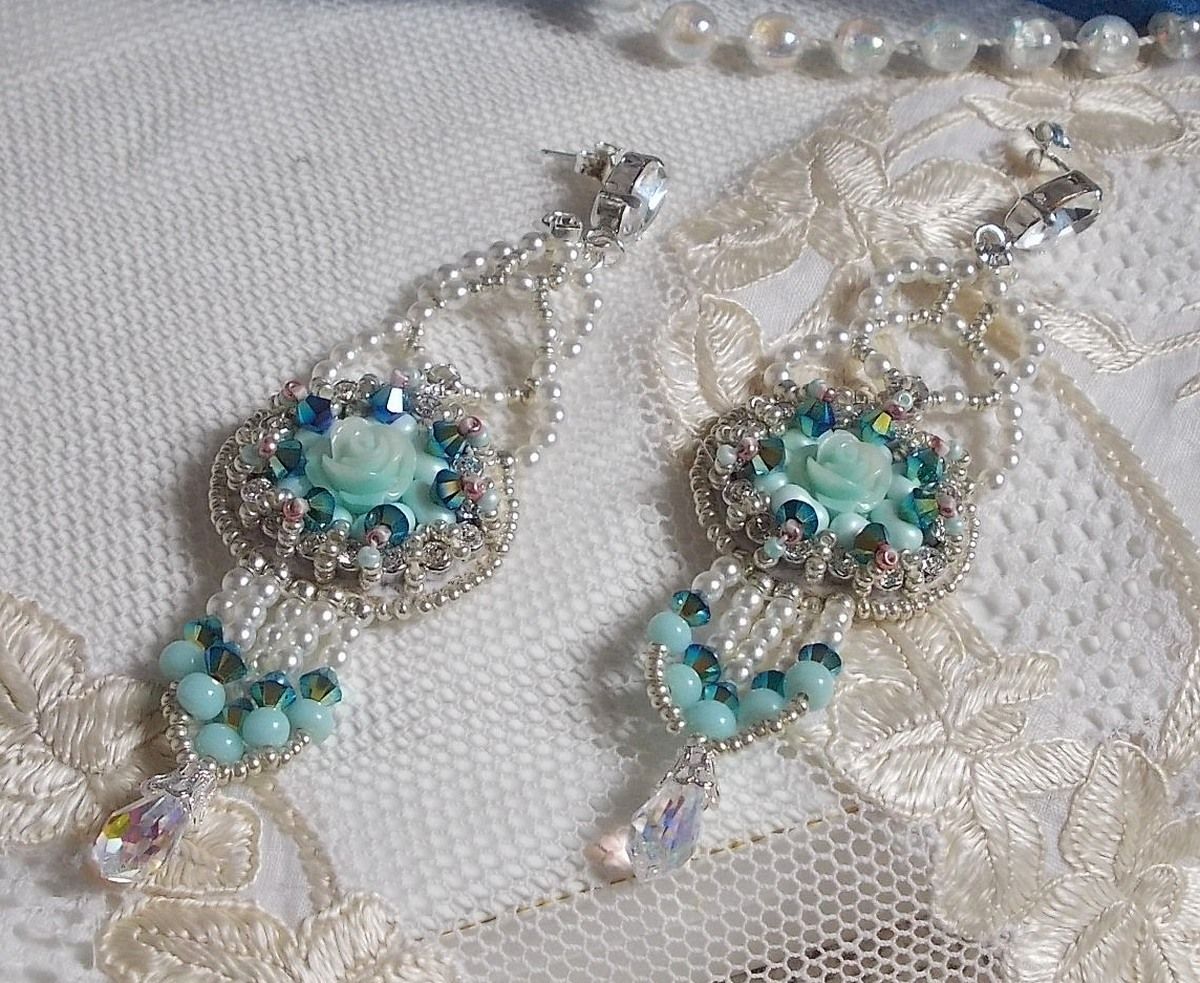 BO Blue Flowers Haute-Couture bestickt mit Swarovski-Kristallen, mintfarbenen Harzcabochons, Miyuki-Rocailles und Ohrsteckern aus Silber 925/1000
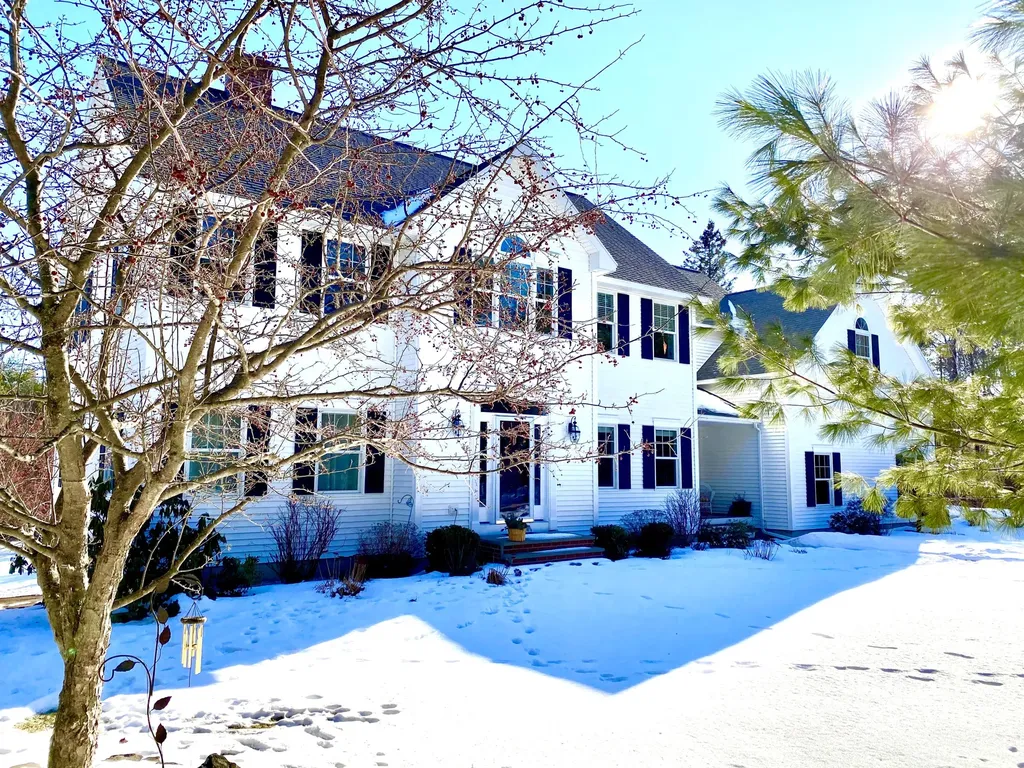 49 Whitetail Way Bangor ME 04401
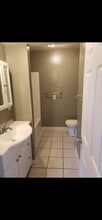 3602 E Fall Creek Parkway North Dr, Unit C in Indianapolis, IN - Foto de edificio - Building Photo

Work instruction
Please repeat the listing precisely, excluding the pictures it contains.

Result
 BO Blue Flowers Haute-Couture bestickt mit Swarovski-Kristallen, mintfarbenen Harzcabochons, Miyuki-Rocailles und Ohrsteckern aus Silber 925/1000
 49 Whitetail Way Bangor ME 04401
 3602 E Fall Creek Parkway North Dr, Unit C in Indianapolis, IN - Foto de edificio - Building Photo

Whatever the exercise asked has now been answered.